My dearest Robbie...
Ohhhh, how to begin. I don't want to write this. I don't have any idea how to write this. I never thought I'd keep secrets that were buried so deep I couldn't even bear to see the words in front of me.
You're online now. I'm talking to you. I'm showing you a scene from my play.
Two years and a month ago, we were watching "Evita" together. I remember making love to you that night -- I remember like it happened twenty minutes ago. You made me feel so many things that I never imagined I'd feel. You made me feel as though I was uniting with a lost part of me. I remember you carrying me to my bed, and holding me, just holding me, and the two of us feeling each other's bodies for the first time. I was so scared. I was so happy.
I don't know if I can make you understand what that night meant to me. I loved you, Robbie. I just loved you. That was it. I didn't love you more afterwards; I didn't love you less -- I just loved you.
A month went by... It was the middle of May. You were barely speaking to me. I hated you for it, for just ditching me. I understood, but I still hated you for it. I loved you. I forgave you.
A month went by. I got my period. It was sort of light and didn't hurt much. I didn't really think about it much; I hadn't really made a habit of knowing what was going on with my stupid period. It was stupid and gross -- what else did I need to think about?
Another month went by. It was the middle of June. You still didn't talk to me much. Sometimes. But we weren't the friends we'd been. I loved you, Robbie, and I still hated you for being confused and for not wanting to be around me. I understood, but... it was so hard to deal...
A month went by. It was the middle of June. I got my period.
It was like dying.
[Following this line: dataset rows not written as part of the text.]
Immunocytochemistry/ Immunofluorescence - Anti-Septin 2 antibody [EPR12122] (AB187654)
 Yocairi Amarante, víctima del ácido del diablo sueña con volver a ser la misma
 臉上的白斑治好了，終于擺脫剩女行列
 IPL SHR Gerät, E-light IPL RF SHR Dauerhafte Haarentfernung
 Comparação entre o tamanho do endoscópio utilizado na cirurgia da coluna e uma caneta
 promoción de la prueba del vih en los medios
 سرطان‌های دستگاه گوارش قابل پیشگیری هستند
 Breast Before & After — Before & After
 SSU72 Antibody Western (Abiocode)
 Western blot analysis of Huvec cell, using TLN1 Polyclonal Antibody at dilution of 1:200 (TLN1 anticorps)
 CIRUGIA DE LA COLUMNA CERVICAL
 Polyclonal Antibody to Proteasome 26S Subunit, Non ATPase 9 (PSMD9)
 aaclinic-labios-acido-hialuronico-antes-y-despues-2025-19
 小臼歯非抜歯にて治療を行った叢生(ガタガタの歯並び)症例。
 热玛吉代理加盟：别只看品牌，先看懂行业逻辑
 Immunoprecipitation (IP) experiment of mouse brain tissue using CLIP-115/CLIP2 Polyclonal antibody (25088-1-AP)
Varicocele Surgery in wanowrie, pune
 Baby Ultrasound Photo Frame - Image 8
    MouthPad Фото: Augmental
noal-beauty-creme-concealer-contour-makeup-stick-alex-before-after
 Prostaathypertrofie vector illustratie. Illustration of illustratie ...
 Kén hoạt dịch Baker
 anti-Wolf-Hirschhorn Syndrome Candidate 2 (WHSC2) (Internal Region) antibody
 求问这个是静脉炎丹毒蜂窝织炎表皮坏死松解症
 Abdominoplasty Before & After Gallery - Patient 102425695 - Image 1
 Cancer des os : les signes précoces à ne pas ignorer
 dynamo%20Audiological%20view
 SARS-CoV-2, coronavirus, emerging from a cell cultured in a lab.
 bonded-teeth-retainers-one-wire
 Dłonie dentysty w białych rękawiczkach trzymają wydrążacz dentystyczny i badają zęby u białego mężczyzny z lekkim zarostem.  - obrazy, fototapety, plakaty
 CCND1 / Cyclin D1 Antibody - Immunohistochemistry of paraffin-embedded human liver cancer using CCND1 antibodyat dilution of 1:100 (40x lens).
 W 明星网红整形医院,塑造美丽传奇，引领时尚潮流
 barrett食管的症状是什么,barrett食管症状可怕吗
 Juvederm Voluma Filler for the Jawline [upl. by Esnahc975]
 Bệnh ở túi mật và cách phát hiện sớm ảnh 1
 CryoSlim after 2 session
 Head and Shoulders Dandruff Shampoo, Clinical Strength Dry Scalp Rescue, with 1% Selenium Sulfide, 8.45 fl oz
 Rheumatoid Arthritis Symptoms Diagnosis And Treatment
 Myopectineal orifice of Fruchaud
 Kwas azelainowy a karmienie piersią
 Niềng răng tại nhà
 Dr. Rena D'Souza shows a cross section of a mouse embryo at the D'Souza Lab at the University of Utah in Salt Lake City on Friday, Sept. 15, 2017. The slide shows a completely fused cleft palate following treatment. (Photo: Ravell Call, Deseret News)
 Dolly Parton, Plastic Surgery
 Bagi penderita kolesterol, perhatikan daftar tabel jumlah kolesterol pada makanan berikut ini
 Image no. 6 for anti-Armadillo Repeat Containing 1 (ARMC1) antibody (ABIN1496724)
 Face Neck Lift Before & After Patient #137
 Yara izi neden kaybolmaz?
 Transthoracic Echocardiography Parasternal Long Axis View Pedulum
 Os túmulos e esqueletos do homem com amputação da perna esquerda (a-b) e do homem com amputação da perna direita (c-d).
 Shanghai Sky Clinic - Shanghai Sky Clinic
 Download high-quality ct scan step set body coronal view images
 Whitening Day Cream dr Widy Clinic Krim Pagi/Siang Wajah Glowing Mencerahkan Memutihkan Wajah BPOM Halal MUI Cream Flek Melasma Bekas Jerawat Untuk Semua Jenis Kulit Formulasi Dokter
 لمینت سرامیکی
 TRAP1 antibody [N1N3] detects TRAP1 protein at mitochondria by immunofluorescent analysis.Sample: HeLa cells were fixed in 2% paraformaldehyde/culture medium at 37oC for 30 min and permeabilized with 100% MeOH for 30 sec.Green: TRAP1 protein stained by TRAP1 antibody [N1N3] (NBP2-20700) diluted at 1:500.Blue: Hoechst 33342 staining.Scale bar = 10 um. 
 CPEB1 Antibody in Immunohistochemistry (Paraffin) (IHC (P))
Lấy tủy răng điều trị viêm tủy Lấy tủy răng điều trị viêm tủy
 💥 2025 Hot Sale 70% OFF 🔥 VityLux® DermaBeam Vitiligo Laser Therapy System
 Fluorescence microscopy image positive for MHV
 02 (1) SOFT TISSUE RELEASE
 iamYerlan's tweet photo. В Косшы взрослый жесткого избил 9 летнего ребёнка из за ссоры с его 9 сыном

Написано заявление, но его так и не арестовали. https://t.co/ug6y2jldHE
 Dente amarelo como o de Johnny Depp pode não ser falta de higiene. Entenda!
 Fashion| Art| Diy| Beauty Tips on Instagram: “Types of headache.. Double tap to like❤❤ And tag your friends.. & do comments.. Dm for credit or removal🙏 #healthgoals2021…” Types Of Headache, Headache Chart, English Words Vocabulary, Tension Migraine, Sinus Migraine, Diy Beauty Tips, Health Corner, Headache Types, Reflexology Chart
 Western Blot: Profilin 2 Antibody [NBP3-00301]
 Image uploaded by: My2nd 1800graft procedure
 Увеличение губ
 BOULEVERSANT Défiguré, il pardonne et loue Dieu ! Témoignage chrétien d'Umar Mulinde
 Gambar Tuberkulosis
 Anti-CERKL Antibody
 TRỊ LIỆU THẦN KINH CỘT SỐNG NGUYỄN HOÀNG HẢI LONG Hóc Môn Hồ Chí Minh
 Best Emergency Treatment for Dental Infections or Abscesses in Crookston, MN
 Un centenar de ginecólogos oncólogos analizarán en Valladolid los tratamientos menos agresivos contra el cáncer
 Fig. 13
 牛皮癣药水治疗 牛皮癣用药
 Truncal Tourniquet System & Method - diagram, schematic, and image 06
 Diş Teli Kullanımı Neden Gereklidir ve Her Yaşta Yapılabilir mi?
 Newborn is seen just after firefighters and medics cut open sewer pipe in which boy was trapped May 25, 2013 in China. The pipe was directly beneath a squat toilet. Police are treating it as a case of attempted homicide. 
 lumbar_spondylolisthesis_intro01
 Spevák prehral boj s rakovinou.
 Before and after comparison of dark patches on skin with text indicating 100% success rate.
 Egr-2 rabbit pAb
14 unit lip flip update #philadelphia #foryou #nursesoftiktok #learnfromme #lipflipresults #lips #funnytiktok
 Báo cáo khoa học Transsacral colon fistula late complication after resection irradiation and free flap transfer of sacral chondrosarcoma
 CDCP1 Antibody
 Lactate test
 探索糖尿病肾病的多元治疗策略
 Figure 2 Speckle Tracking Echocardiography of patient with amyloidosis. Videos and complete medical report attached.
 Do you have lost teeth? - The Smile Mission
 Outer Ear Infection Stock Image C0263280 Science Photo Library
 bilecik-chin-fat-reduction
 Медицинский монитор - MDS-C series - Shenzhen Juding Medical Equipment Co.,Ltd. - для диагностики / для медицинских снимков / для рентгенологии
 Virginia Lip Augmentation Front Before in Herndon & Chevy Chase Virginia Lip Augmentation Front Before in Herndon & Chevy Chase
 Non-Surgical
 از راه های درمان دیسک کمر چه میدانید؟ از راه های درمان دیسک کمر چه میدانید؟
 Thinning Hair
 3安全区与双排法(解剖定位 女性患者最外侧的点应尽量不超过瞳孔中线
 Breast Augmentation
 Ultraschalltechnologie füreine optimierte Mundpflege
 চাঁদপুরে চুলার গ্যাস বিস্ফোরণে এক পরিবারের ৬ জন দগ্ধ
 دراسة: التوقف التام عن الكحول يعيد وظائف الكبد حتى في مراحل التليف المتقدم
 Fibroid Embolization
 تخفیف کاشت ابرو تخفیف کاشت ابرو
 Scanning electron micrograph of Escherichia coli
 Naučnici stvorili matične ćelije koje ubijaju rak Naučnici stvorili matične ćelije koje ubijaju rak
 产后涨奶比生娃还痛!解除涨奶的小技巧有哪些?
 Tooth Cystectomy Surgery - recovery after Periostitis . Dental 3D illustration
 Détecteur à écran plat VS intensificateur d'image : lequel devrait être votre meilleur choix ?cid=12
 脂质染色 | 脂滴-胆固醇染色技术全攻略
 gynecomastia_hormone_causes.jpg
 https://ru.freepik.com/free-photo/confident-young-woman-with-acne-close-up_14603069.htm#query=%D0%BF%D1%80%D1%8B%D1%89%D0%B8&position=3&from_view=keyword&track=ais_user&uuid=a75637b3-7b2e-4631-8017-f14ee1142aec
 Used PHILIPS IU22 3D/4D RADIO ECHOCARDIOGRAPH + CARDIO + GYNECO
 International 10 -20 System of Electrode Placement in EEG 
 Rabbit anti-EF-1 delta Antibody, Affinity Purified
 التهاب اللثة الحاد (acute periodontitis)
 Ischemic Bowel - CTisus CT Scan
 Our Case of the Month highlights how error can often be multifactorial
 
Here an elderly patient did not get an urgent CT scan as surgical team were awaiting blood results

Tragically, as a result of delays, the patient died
I remember being unable to move, and unable to stop moving, like if I stopped flexing and extending my arms, I'd pass out, or die, or something. I'm sure I looked like a fucking idiot, thrashing around on the couch, but I couldn't help it. I think I'd taken some aspirins or something, but I can't really remember. I only remember laying on the couch, laying my head against a pillow just in the same way I'd lain against your chest there... I remember being in too much pain to get up and go to the bathroom. I mean that very literally; I couldn't have gotten up if a gun had been shoved up against my head. And so I lay there, knowing blood was soaking through my stupid pad and probably getting all over my underwear and my jeans. There was so much blood. Even now, when my periods are always horrible and I regularly have to overdose on aspirin to even function, there's never so much blood. Robbie, it was so gross and so horrible.
I cried all that night. I cried as much as I could -- I think if I'd cried any harder I would have ruptured something. And I didn't really understand. There was this overwhelming sadness. Depression. Guilt. I wanted you with me. I was so sad, Robbie; I didn't want to live. And I was alone; I felt so alone.
I don't know if it was a miscarriage, honestly I don't know. I know I hurt more than I ever thought possible. I know there was more blood coming out of me than I ever thought possible -- thick gross blood. I know I have never been so unhappy in my life, never. But no, I'm not sure.
I told you. I had to tell you. I wasn't going to hide something like that. I said, "I think... I may have miscarried..." You said, no, I couldn't have, it wasn't possible, we'd used protection, something to that effect: something that sort of implied I was either lying or that I'd been with somebody else... But for however horrible it was for you to hear what I was telling you, and for however awful the whole thing was, you knew I needed you. You held me and you said you were sorry. I said I was sorry too. And we said we loved each other. Nothing more was ever said.
And Robbie, more things needed to be said. I never said anything more because it hurt and I was scared, and I kind of thought, "what if I was mistaken and I'm lying?" I know you were scared too, and terribly upset. I know you; I know you were. So we never said anything; it hurt too much to talk. But now, two years later, it hurts too much not to...
No, I don't know if I had a miscarriage. It could have been some fucked-up hormonal thing. It could have just been a really bad period. Maybe I ate a lot of salt that month and was retaining five extra gallons of water. I don't guess I'll ever know. For two years I've felt guilty because I thought, "what if I'm lying?"